*** Opening of Records ***

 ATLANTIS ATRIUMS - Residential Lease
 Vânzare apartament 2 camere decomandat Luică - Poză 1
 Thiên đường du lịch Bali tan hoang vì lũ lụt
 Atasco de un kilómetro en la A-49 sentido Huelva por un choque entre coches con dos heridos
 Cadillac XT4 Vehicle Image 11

*** Close of Records ***
*** Opening of Records ***

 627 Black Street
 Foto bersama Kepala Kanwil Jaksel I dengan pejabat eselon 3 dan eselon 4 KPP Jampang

*** Close of Records ***

### Exercise
What you give back must be the stretch above, starting at the line with "ATLANTIS ATRIUMS - Residential Lease" and ending at the line with "Cadillac XT4 Vehicle Image 11", copied exactly.

### Your response
 ATLANTIS ATRIUMS - Residential Lease
 Vânzare apartament 2 camere decomandat Luică - Poză 1
 Thiên đường du lịch Bali tan hoang vì lũ lụt
 Atasco de un kilómetro en la A-49 sentido Huelva por un choque entre coches con dos heridos
 Cadillac XT4 Vehicle Image 11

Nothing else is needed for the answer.